The best part about summer – other than going to the pool, are Jersey tomatoes, corn, and ripe berries. On Saturday I picked up strawberries, blueberries, and raspberries for a fruit salad. Then I remembered there was pie dough in the freezer and my game plan changed. I love making pies!
- 1 1/3 cups of all purpose flour
- 1 stick of very cold butter, cut up into small pieces
- 1/2 teaspoon salt
- 1/4 cup ice water
- 1 pound strawberries, sliced
- 1 pint blueberries
- 1 pint raspberries
- 3/4 cup granulated sugar
- 2 tablespoons cornstarch
- 1 tablespoon butter
1. Put flour, butter, and salt in a food processor with a metal blade pulse until mixture resembles coarse meal. Add ice water until the dough begins to clump together. Form into a ball, place in plastic bag, and work dough into a flat disc. Refrigerate for an hour.
2. In a large bowl toss sliced strawberries, blueberries, and raspberries with the sugar and cornstarch.

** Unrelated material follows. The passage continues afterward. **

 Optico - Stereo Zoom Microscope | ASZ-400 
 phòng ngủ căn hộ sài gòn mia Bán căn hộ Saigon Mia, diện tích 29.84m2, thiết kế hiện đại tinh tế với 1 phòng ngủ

3. Roll out two thirds of the dough to fit an 8″ pie plate, ease pastry onto plate. Scoop the fruit into the pastry, dot with butter. Roll out remaining pastry and cut out long 1″ strips. Weave the lattice crust, tuck under the crust and crimp.
4. Place pie on a baking sheet and bake in a preheated 425º oven for 20 minutes. Lower the heat to 375º and bake for another 35 to 40 minutes until crust is golden.